I'm amazed at how much my anxiety levels have dropped in the past couple of months now that I'm beginning to understand acceptance. My marriage is better for it. My daughter is happier for it. I'm modelling behaviour that they either will or won't learn. I'm happier for it.

Not many people know but I had a relapse during the last two weeks. Before, I would have hunkered down on my couch, woe is me, panic, panic, how can I fix it make it better, what did I do to cause it. OMG! And It would take me months to come out of the depression it caused. And eat. Oh, man, would I eat.
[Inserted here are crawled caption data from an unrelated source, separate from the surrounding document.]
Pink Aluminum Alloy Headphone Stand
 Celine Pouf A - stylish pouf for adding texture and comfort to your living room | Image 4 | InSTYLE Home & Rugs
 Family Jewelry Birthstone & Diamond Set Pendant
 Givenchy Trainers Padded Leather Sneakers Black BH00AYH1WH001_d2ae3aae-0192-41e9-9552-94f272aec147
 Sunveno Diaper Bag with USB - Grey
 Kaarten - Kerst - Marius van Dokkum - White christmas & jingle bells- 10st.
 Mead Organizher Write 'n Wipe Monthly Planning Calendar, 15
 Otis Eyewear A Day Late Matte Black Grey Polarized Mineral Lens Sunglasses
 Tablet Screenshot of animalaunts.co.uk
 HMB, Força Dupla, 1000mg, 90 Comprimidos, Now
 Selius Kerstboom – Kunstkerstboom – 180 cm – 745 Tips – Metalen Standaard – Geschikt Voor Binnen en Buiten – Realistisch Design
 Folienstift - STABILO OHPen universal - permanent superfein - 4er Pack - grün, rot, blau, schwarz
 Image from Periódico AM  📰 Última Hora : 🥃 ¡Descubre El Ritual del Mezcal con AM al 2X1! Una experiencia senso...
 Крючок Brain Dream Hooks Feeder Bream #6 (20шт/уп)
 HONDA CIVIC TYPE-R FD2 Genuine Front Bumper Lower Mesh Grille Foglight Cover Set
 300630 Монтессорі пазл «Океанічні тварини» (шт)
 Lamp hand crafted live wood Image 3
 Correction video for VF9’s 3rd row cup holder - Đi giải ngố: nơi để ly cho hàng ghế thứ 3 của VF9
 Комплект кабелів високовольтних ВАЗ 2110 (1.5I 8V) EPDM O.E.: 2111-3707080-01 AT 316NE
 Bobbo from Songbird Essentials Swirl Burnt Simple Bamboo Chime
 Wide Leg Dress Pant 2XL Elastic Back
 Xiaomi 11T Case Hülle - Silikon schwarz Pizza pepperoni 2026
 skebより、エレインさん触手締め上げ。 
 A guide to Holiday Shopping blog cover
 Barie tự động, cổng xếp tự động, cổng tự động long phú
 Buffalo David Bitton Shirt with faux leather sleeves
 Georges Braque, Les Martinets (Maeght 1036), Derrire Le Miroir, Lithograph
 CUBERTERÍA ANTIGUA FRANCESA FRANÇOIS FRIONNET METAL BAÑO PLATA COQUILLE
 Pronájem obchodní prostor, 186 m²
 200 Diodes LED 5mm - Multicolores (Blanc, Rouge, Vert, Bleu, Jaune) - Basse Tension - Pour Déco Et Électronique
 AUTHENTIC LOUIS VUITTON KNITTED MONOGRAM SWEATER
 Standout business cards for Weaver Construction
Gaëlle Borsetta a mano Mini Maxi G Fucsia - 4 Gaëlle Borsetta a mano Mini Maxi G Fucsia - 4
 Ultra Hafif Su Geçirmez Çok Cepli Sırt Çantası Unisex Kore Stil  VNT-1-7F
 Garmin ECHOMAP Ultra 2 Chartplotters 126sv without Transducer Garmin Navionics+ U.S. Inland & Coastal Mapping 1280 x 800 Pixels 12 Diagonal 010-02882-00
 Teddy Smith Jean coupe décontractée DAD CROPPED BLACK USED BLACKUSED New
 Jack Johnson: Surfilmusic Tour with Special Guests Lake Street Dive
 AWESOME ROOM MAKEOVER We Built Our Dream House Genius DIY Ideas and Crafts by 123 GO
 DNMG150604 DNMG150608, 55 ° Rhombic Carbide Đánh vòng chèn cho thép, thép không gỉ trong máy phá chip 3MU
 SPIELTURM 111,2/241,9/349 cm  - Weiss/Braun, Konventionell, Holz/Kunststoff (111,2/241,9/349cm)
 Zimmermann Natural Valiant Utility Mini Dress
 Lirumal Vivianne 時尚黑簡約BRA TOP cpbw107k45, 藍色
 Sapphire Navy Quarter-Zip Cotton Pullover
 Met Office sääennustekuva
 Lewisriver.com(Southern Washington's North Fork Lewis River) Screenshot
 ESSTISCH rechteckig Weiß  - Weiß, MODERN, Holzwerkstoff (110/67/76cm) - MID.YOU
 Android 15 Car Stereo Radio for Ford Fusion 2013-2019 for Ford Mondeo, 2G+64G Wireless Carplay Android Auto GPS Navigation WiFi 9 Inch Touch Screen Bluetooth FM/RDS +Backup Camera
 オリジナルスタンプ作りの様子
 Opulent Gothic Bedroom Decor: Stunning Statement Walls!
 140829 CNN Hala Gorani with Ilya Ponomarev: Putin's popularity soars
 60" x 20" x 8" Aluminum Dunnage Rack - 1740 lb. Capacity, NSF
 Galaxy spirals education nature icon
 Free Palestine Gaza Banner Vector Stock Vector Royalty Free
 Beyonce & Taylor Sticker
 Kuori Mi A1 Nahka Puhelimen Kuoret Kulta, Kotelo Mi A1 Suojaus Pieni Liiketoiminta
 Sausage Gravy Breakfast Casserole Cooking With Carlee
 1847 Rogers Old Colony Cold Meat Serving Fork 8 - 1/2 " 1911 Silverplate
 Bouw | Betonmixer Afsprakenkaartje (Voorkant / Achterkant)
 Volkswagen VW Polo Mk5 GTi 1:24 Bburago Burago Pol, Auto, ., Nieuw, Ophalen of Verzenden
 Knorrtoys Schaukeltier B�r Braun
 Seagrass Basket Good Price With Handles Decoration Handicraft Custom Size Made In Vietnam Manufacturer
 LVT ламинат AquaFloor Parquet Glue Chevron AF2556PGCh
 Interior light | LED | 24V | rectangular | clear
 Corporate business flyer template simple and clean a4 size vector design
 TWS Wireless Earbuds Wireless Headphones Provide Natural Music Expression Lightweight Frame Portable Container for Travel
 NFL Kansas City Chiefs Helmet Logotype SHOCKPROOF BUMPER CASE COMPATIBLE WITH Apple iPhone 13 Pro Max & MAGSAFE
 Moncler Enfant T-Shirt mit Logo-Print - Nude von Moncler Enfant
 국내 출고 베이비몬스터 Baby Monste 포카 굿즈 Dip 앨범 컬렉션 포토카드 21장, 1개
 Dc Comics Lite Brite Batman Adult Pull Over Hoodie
I have relapsing remitting MS. Relapse sucks. I am getting used to my new normal. I'm another layer of numb over at least 50% of my body. My eyes are a bit worse, green traffic lights look like beautiful flowers or fireworks, even during the day now. I feel weaker. I'm scared. But, even though I'm feeling those things, this time I could strike a balance. I had my moments/minutes/hours of feeling negative..and I felt them whatever those emotions were. But, I also had a picnic in the park. I went to morning tea with a friend. I went swimming. I watched movies or shows that I love...without binging on them. I didn't have a lavish birthday with tonnes of photos “in case it's my last one where I'm normalish,” I didn't try and fight it, I accepted it..and got on with my life, the ups and the downs. Because that is life, the good, the bad, the ugly, and the beautiful. This is my life, and I accept it. I accept my community, near and far, present or absent. I accept myself, warts and all. And it feels damn good.